About this exercise
In your copy, leave out the pictures and repeat the entries below exactly.

Data to use
----------

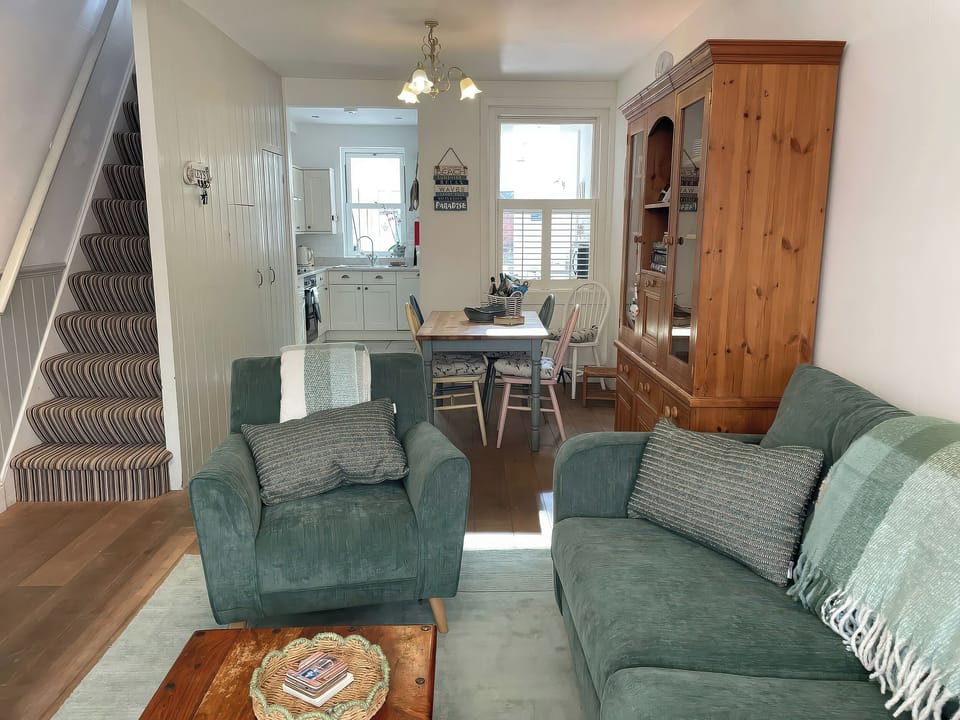 Cottage | Living area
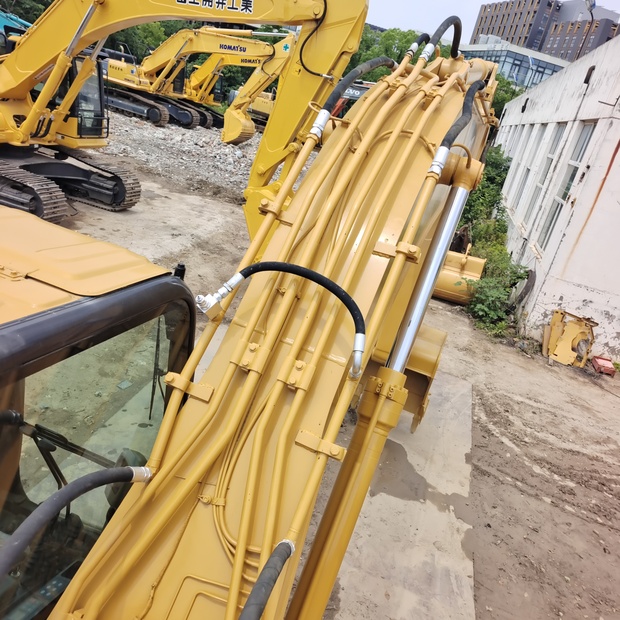 2024 Caterpillar 320CL-44733282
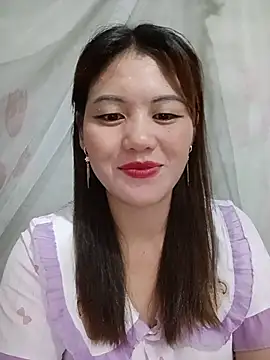 Snapshot of meg_06 chatting on 07.16.26 meg 06 online show from 07.16.26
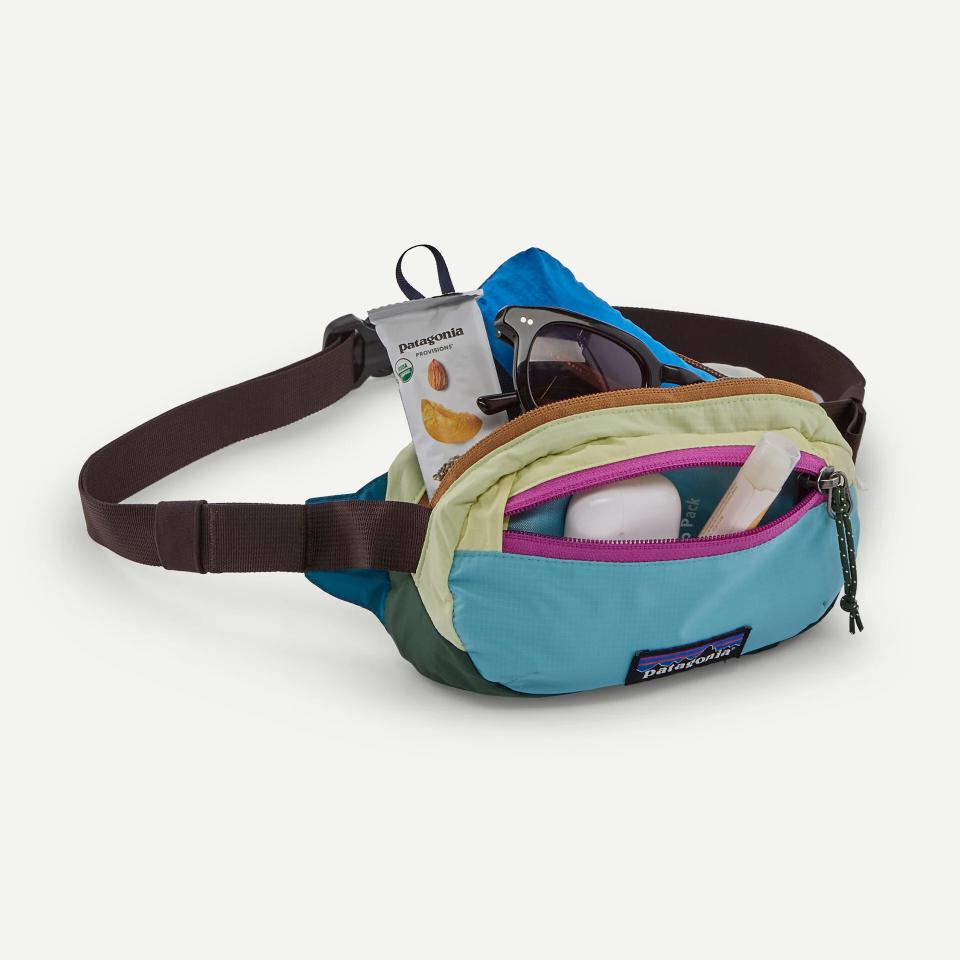 Patagonia Terravia Mini Hip Pack 1L Patchwork: Snowmelt Blue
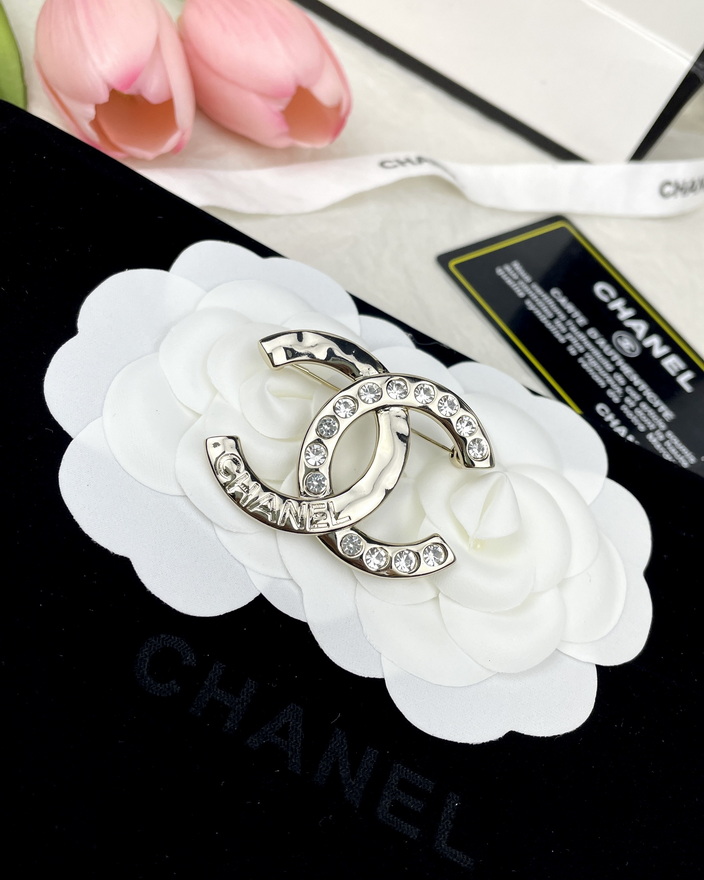 Ch*el brooch-058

----------

Result for this task
 Cottage | Living area
 2024 Caterpillar 320CL-44733282
 Snapshot of meg_06 chatting on 07.16.26 meg 06 online show from 07.16.26
 Patagonia Terravia Mini Hip Pack 1L Patchwork: Snowmelt Blue
 Ch*el brooch-058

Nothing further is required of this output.